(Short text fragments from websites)
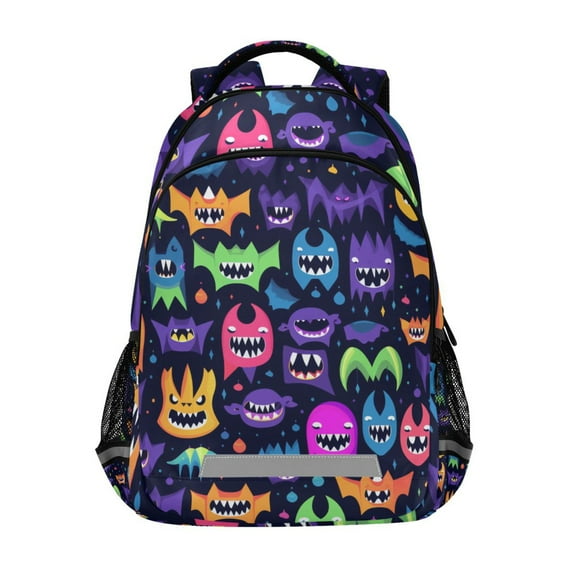 ALAZA Magic Cute Devils Backpack Elementary School Bag Bookbag Travel Rucksack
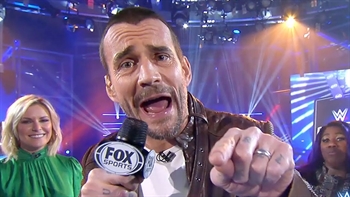 CM Punk cuts a promo on Tom Arnold in Social Media SmackDown | WWE BACKSTAGE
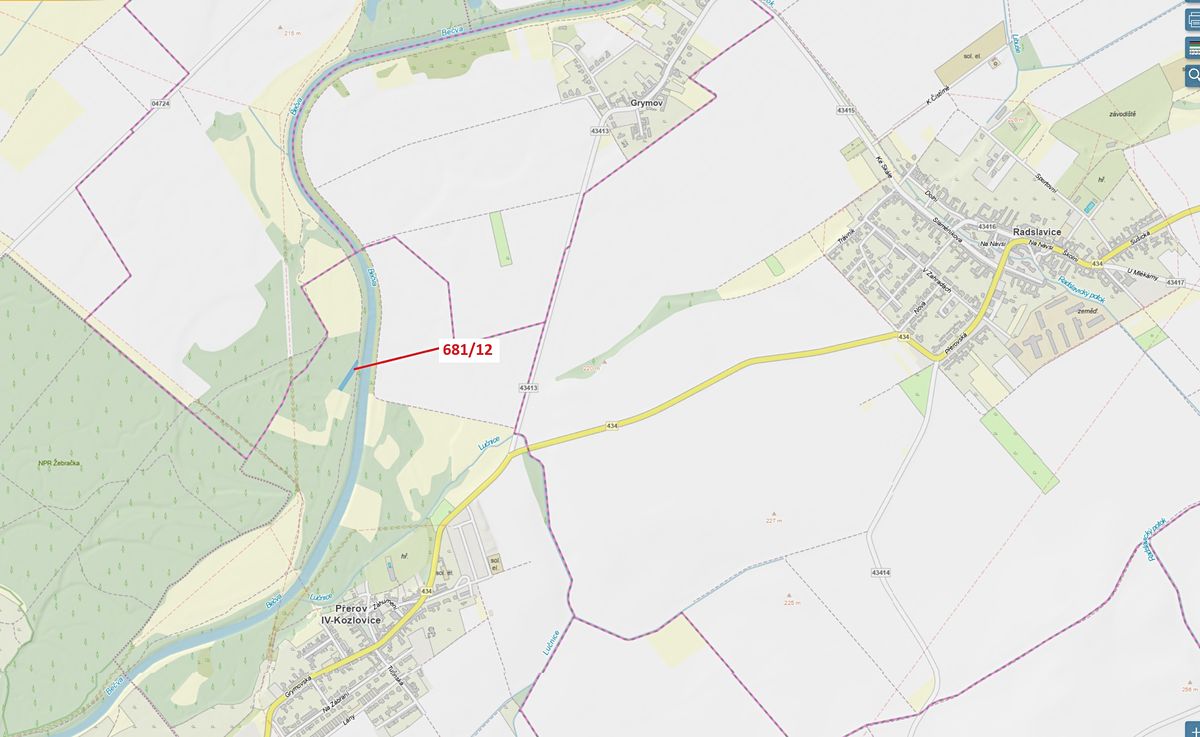 Dražba lesa 1519 m², Přerov – fotka 1 z 3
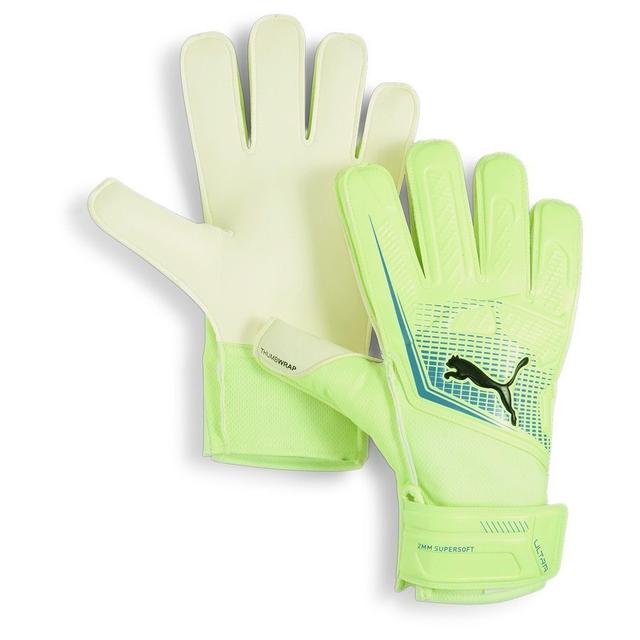 PUMA Goalkeeper Gloves Ultra Play Rc Lights Out - Fizzy Apple/bluemazing, size 5 on Productcaster.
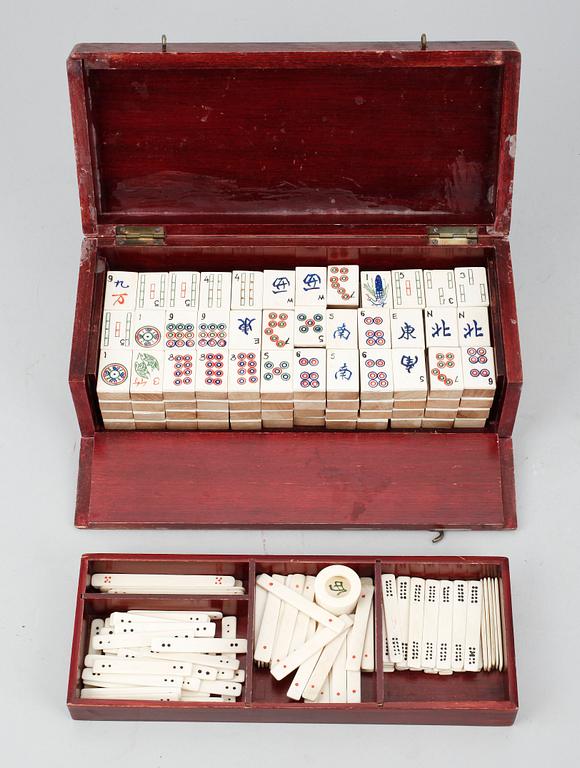 MAHJONGSPEL, sydostasien, 1900-tal.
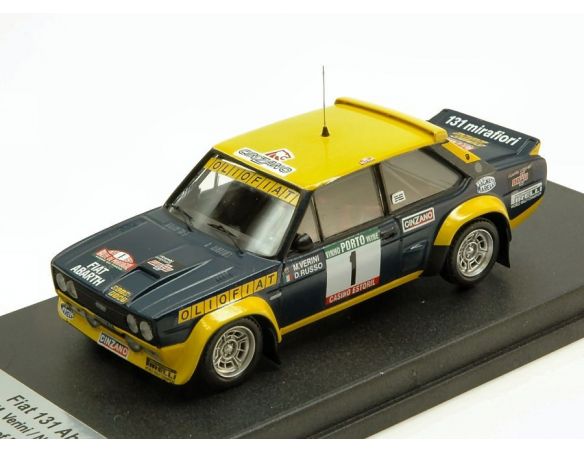 Trofeu TFRRAL44 FIAT 131 ABARTH N.1 5th RALLY OF PORTUGAL 1977 M.VERINI-D.RUSSO 1:43 Modellino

> [What you should do]
All lines from the one containing "CM Punk cuts" through the final line of the entries above are to be copied exactly; the pictures are not.

> [Your response]
 CM Punk cuts a promo on Tom Arnold in Social Media SmackDown | WWE BACKSTAGE
 Dražba lesa 1519 m², Přerov – fotka 1 z 3
 PUMA Goalkeeper Gloves Ultra Play Rc Lights Out - Fizzy Apple/bluemazing, size 5 on Productcaster.
 MAHJONGSPEL, sydostasien, 1900-tal.
 Trofeu TFRRAL44 FIAT 131 ABARTH N.1 5th RALLY OF PORTUGAL 1977 M.VERINI-D.RUSSO 1:43 Modellino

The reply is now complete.